## [What is needed]
For the records below, copy exactly the span that begins at the line containing "In this block" and stops after the line containing "As their name", minus any pictures.

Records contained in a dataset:
◇ ◇ ◇
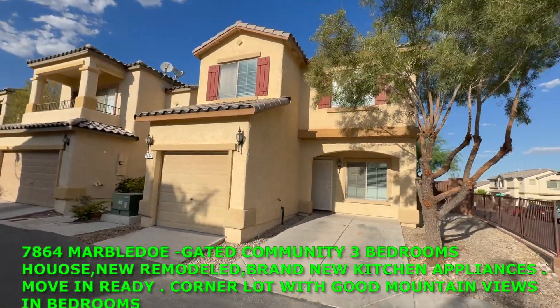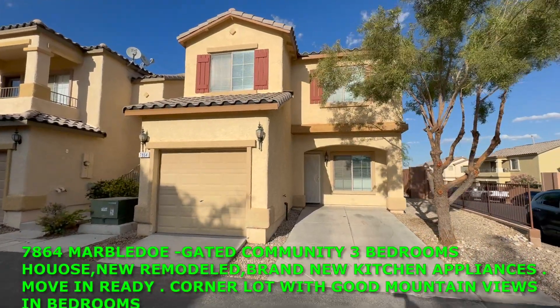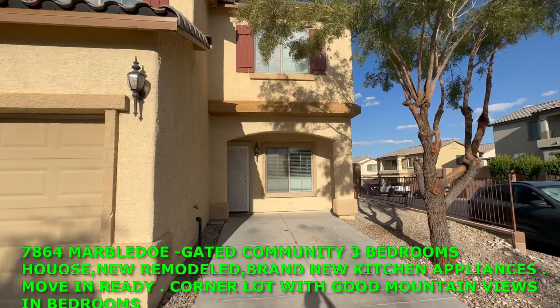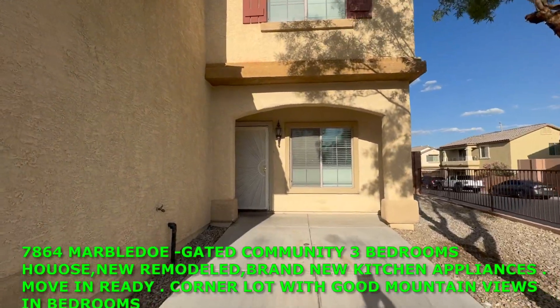Definitely price-wise more affordable. So we can check inside. The owner did a great work to maintain and remodel, make it the right day for Lien.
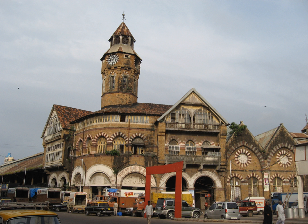Dadabai Naoroji Road, a north-south commercial artery road in the Fort Business District in south Mumbai, Maharashtra, India, is the nerve centre of the city, starting from Crawford Market, linking Victoria Terminus, and leading to the Flora Fountain at the southern end of the road.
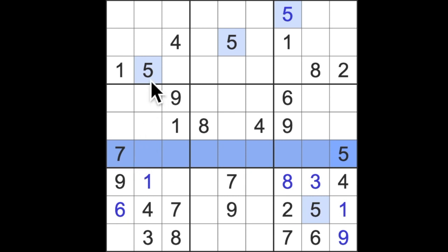In this block here we have two possibilities where five could go — we can't say it's in this square or this square, but we know it's in one of these two only, because of this five blocking across and this five blocking here. Even though we can't place this five yet, it is useful because five is now blocked from the rest of this column. So this square down here definitely can't be five — which means the five must be there and the two must be there.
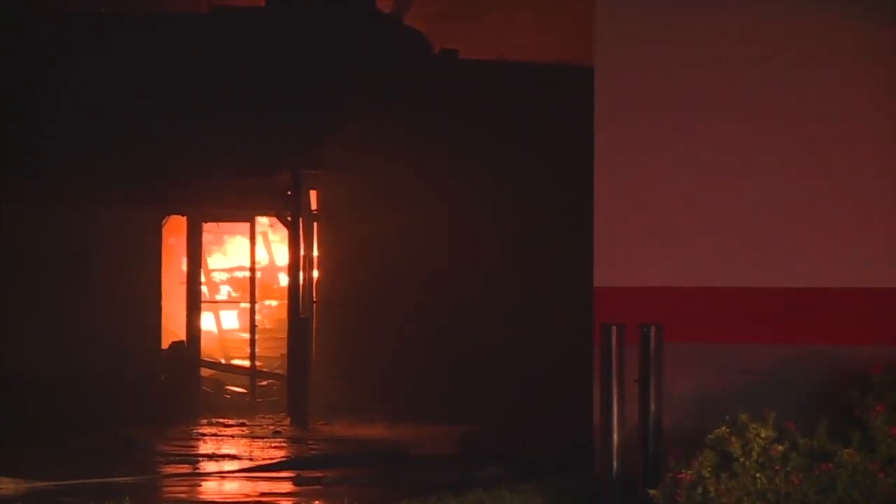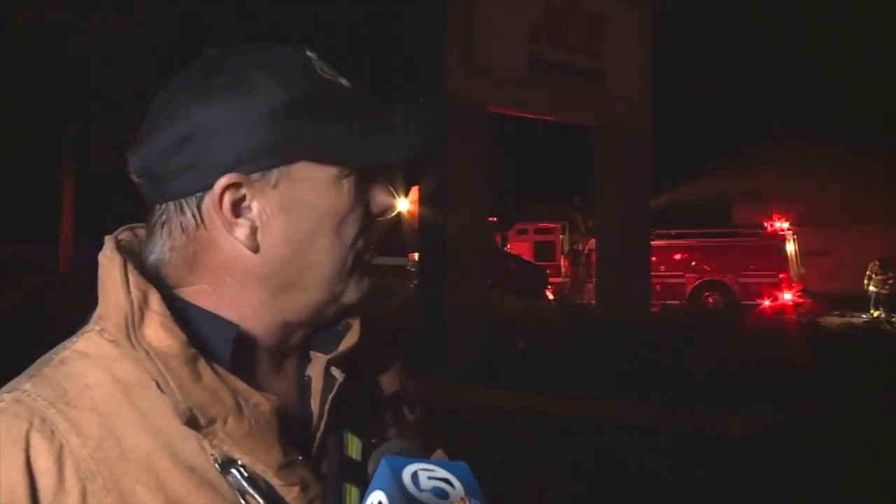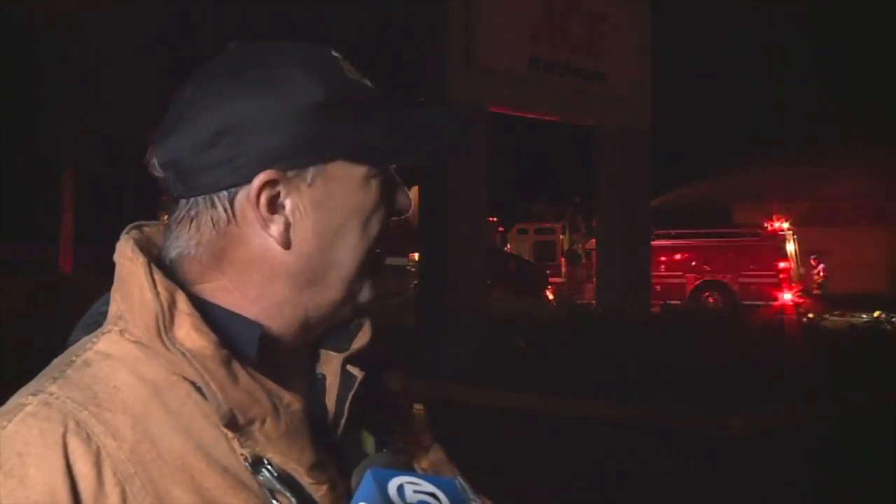Thankfully, no one was hurt during the time of the fire and they're still trying to figure out what started that fire, but the building is now a total loss. We arrived and it was already showing through the roof. We've actually went on a defensive attack. We've knocked most of it down. Our major concern, of course, is with the weather and the wind.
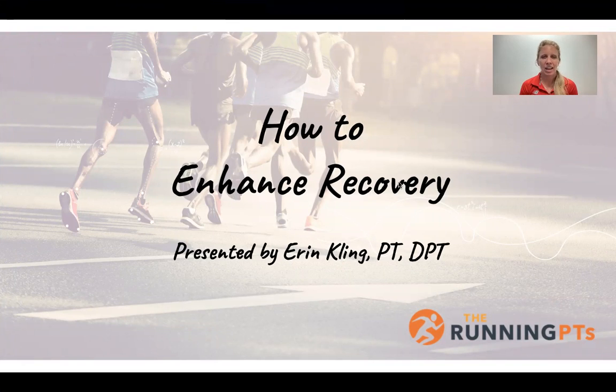Hi, everyone. My name is Erin Kling, and I'm a physical therapist here at The Running PTs, and today we are going to go over how to enhance recovery.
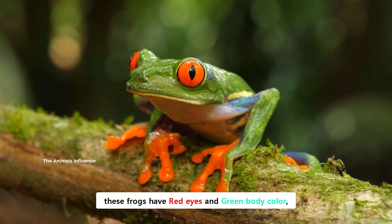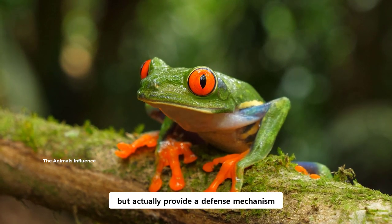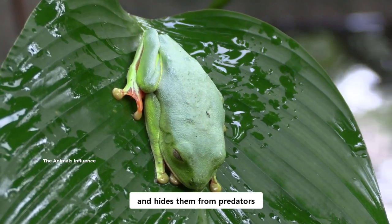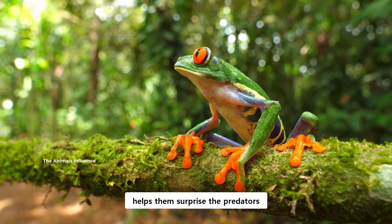As their name indicates, these frogs have red eyes and green body color, which are by no means a coincidence, but actually provide a defense mechanism. Green provides camouflage and hides them from predators. The rest of body color, along with their bulging red eyes, helps them surprise the predators.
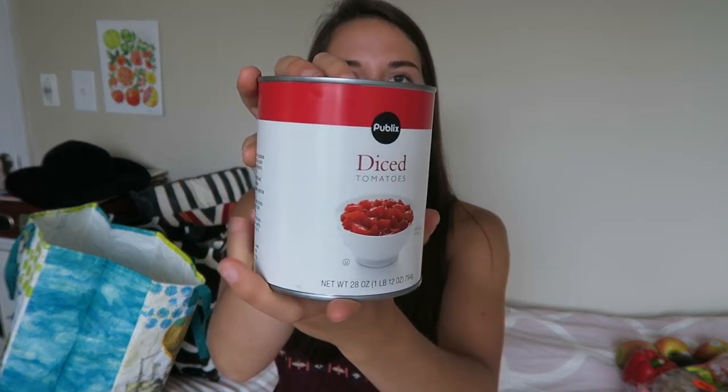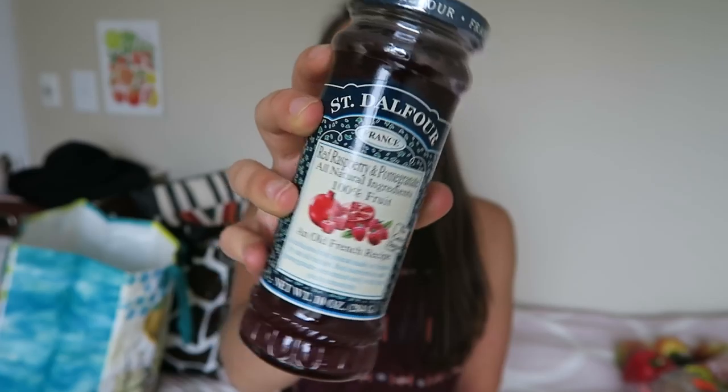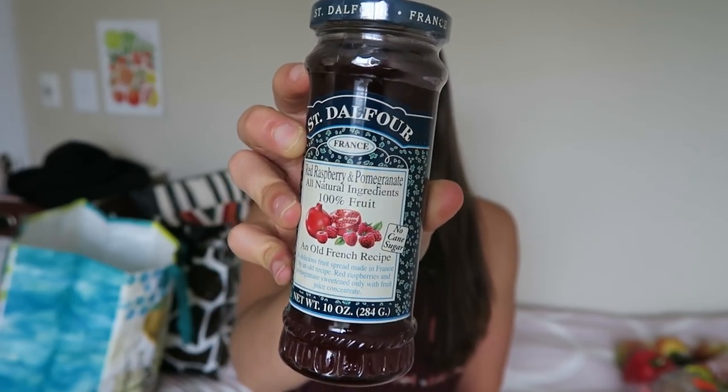Then I got a big can of diced tomatoes — I use these for recipes. And I got this jam I thought I would try out. It is a red raspberry and pomegranate jam, but it's made from all fruit so there's no sugar added to it. Not that that's a big issue, but I just thought the flavor was cool, so I'm gonna try it out. Here's a close-up if anyone is interested in getting it.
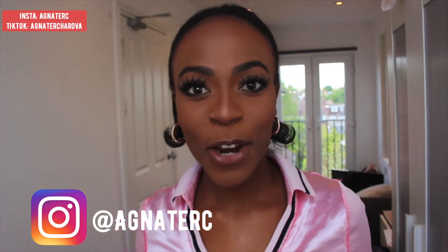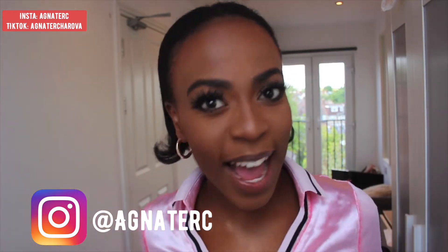Hi everyone, welcome back to my channel if you are a returning subscriber, and welcome if you're new here. My name is Agneta, welcome to my YouTube family. I'm so happy you're here joining me for today's video. I've decided to do a video where I'm going to be talking to you guys about the best acne skincare products from The Ordinary.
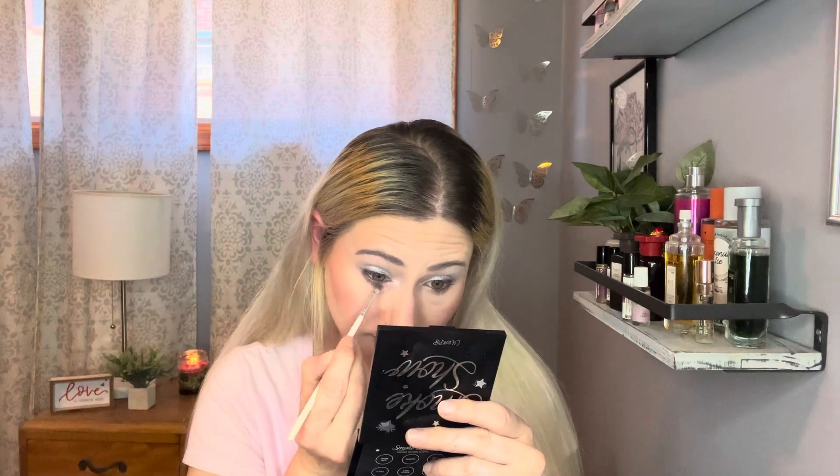I'm going for that smoky silver look, just taking my finger and putting it all over the lid and blending it with my finger. And I'm taking that white and putting it in my inner corner, making sure it's really in there so it can pop.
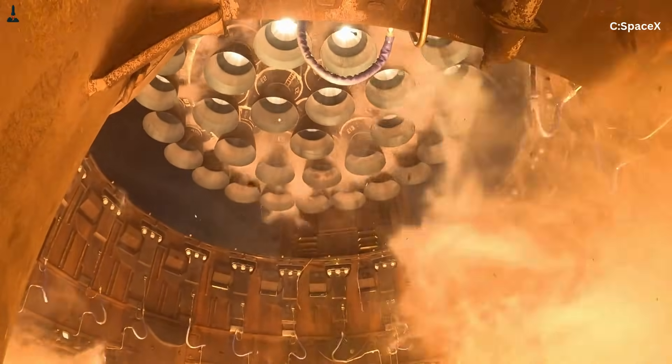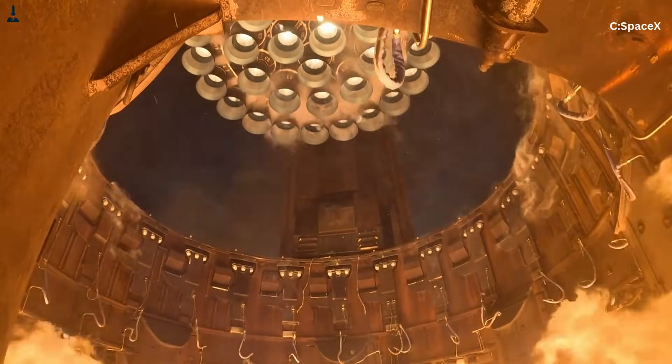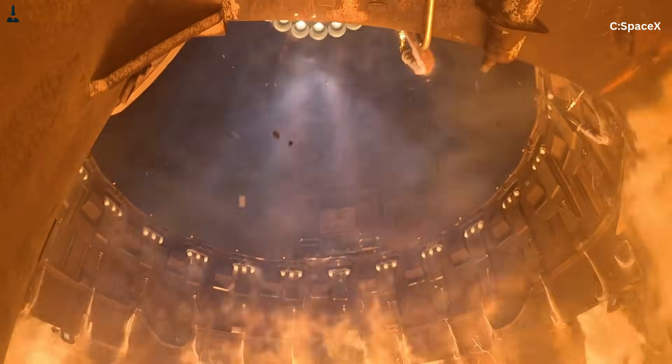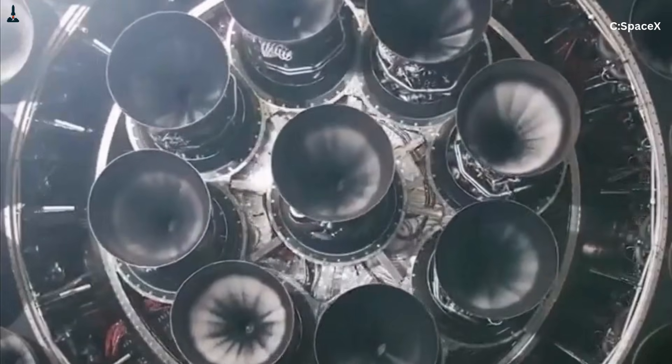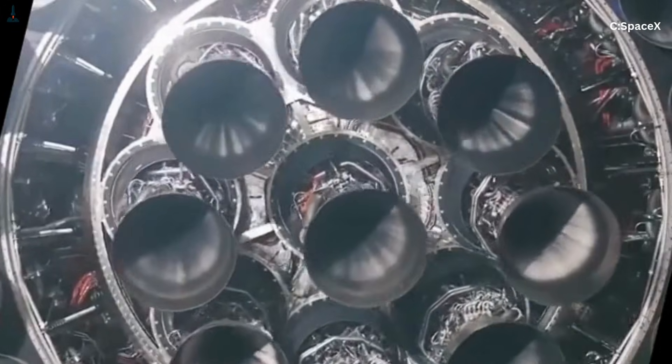And once you understand what these forces are and how they work together, you'll watch the next Starship launch with a completely new perspective. Stay with me until the end, because the explanation keeps building on itself, and the final payoff is a complete understanding that even many rocket fans don't have.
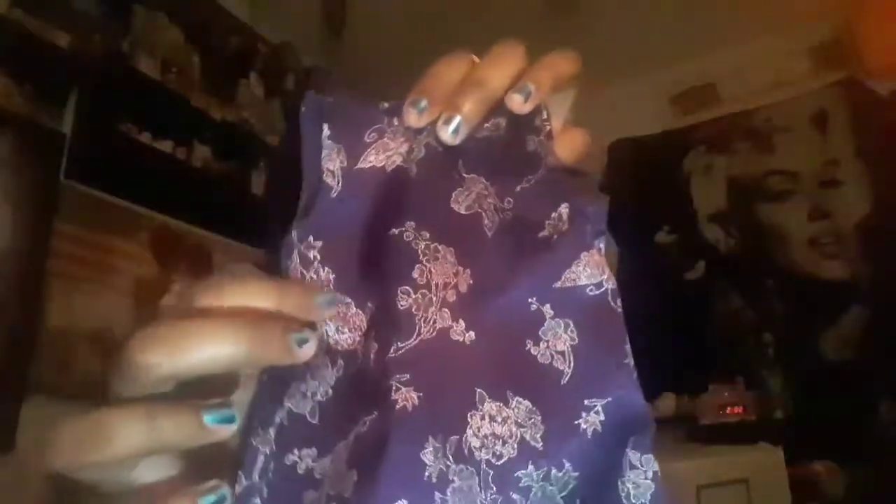Sorry about my ratchet-ass nails. And it came with this really pretty Asian-inspired themed purple dress. I think it would be so cute on any 18-inch doll. I don't know if this is age-appropriate or not — I don't think it is.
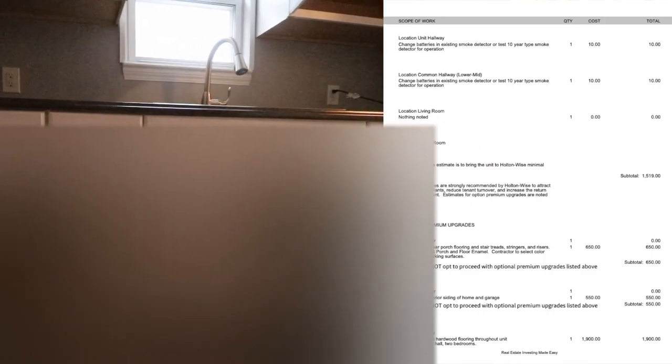This property is almost rent-ready — ready to rock. Transparency is key. What you're looking at now is the Holton Wise contracting renovation rent-ready bid, line by line, right out in the open. The units are in good shape — very minimal work is needed to get them to our minimum rental standards. One unit needs $2,610 and the other needs $1,519.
◇ ◇ ◇
## [Result]
In this block here we have two possibilities where five could go — we can't say it's in this square or this square, but we know it's in one of these two only, because of this five blocking across and this five blocking here. Even though we can't place this five yet, it is useful because five is now blocked from the rest of this column. So this square down here definitely can't be five — which means the five must be there and the two must be there.
Thankfully, no one was hurt during the time of the fire and they're still trying to figure out what started that fire, but the building is now a total loss. We arrived and it was already showing through the roof. We've actually went on a defensive attack. We've knocked most of it down. Our major concern, of course, is with the weather and the wind.
Hi, everyone. My name is Erin Kling, and I'm a physical therapist here at The Running PTs, and today we are going to go over how to enhance recovery.
As their name indicates, these frogs have red eyes and green body color, which are by no means a coincidence, but actually provide a defense mechanism. Green provides camouflage and hides them from predators. The rest of body color, along with their bulging red eyes, helps them surprise the predators.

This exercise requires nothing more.